Tim Roll-Pickering said...

Marvel US has actually been a lot more inconsistent on time travel than one might think. Mark Gruenwald certainly tried to set down the rule that time travel can't change history, it just creates an alternate timeline. However not all stories follow this - the biggest contrary case off the top of my head is the X-Men story Age of Apocalypse.

If I'm thinking of the right Secret Wars II story, it's actually one where Reed Richards stopped the Beyonder from killing Dr Doom on the basis that Doom had not yet been taken out of time to battle the Beyonder in the original Secret Wars series, and that even the all-powerful Beyonder may not be able to withstand the paradox. The story was from Fantastic Four #288.

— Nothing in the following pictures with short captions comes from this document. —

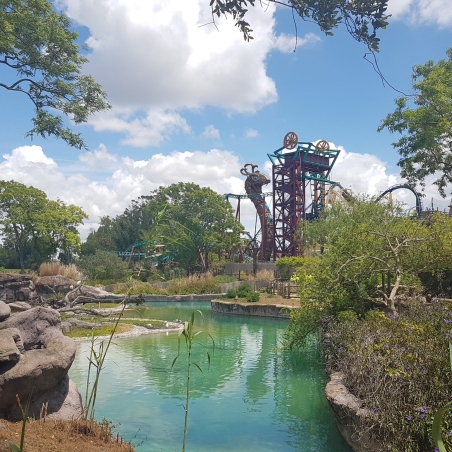 O Parque mais Radical da Flórida: Busch Gardens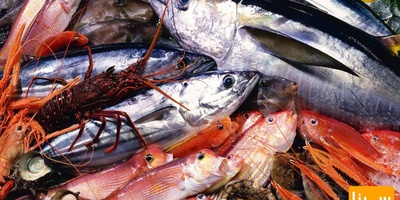 دانلود سوالات و پاسخنامه رشته علوم و مهندسی شیلات - تکثیر و پررش آبزیان مقطع دکتری سال97-94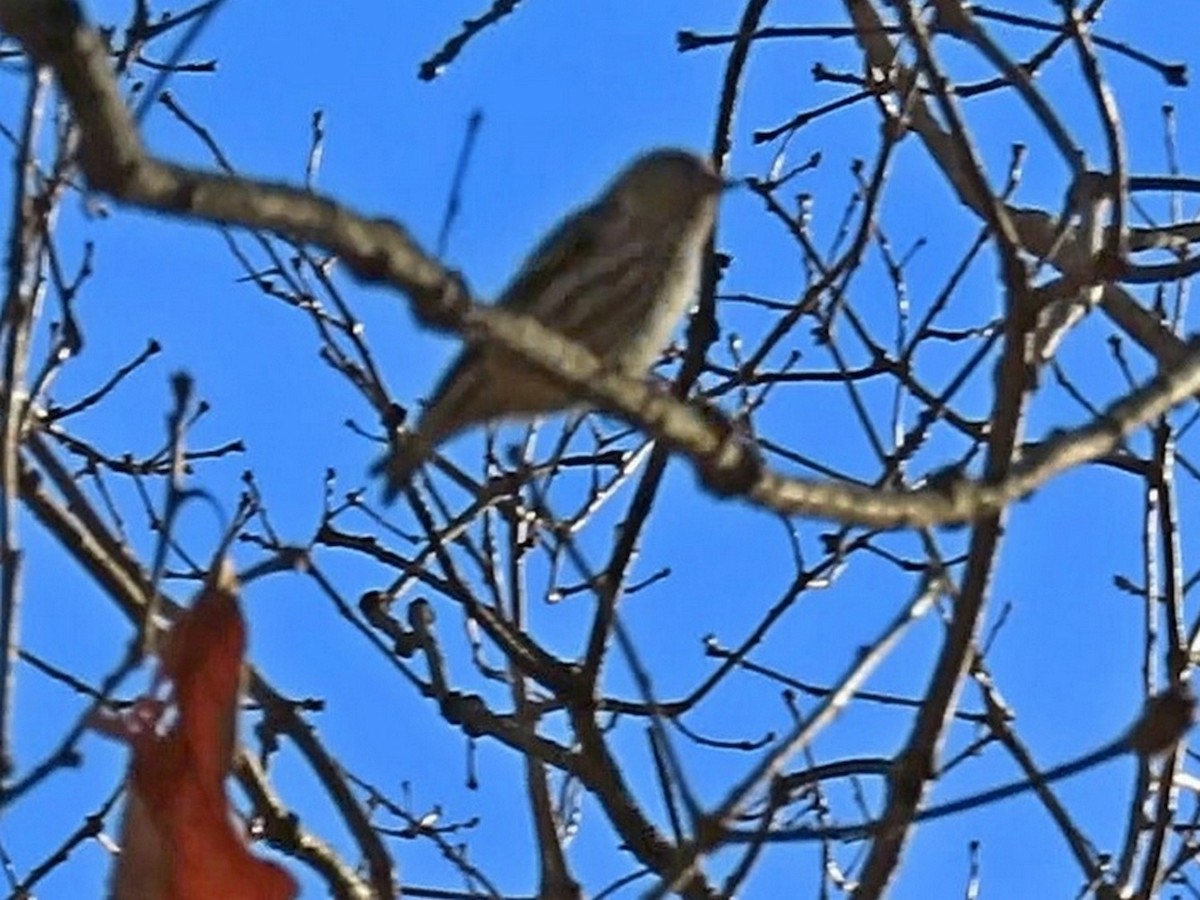 マツノキヒワ - ML644828358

At the time of Target 2006 it seems to follow the "Back to the Future rules" - time travel into the past alters history without spewing alternate timelines (forget the diagram Doc draws in the second movie) but make a drastic alteration that impacts on the circumstances of your own birth/creation and you fade out of existence. Had Galvatron's plan succeeded then the weapon would have become available in 2006; when he thought he'd destroyed Starscream he assumed that he was in an alternate past because he still existed.

I suspect Time Wars was intended to be a mini-Crisis type event that allowed for the ditching of a fixed future, especially with a wholesale massacre on the horizon of the present when many of those characters had been shown in the future.